== TASK DESCRIPTION ==
Only the lines from the beginning of the entries through the one with "Image 28 of" should be written out, please, exactly and without any pictures.

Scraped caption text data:
_ _ _

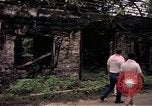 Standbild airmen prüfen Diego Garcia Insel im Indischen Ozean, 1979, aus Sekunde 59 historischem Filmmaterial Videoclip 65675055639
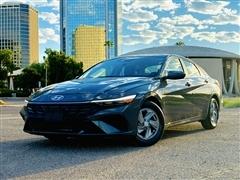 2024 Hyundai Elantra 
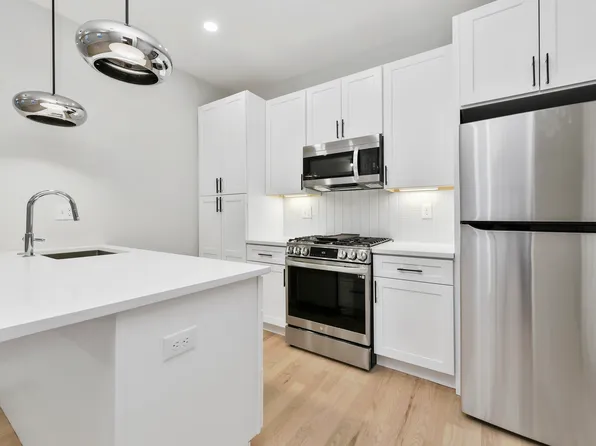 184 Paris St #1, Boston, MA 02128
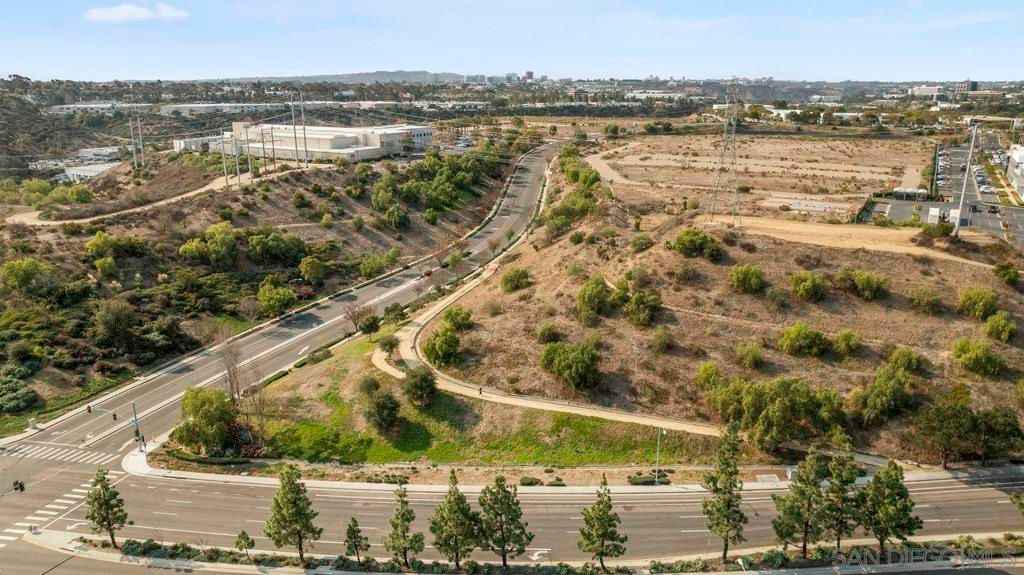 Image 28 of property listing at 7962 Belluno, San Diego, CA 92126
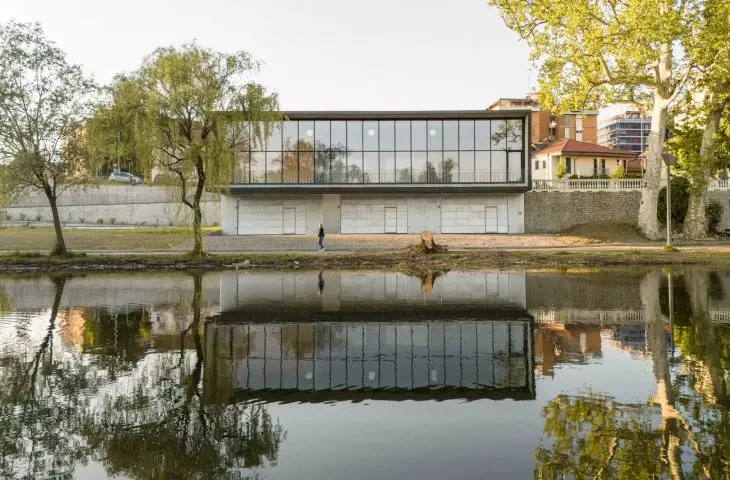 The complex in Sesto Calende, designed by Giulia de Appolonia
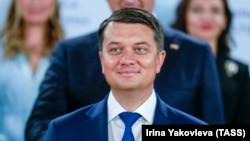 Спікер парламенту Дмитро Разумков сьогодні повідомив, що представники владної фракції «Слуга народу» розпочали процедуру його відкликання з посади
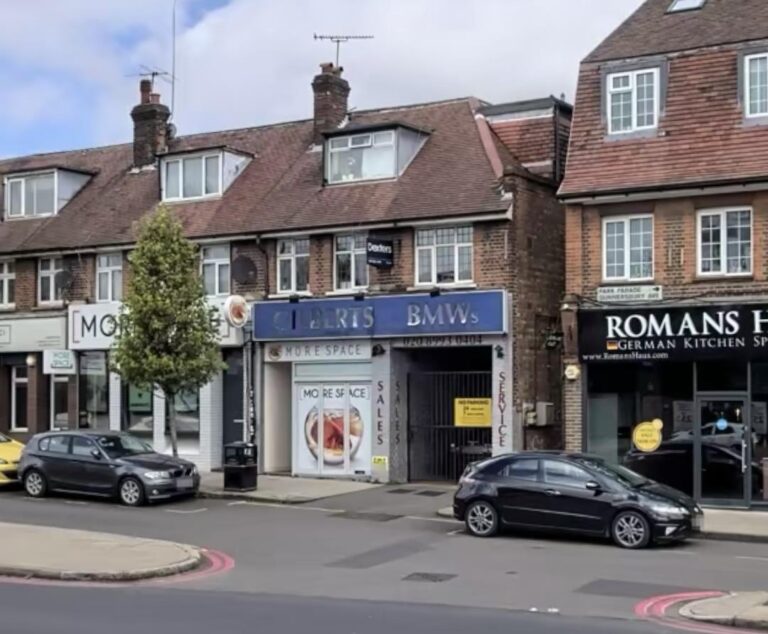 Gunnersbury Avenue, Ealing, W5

_ _ _

== EXERCISE RESPONSE ==
 Standbild airmen prüfen Diego Garcia Insel im Indischen Ozean, 1979, aus Sekunde 59 historischem Filmmaterial Videoclip 65675055639
 2024 Hyundai Elantra 
 184 Paris St #1, Boston, MA 02128
 Image 28 of property listing at 7962 Belluno, San Diego, CA 92126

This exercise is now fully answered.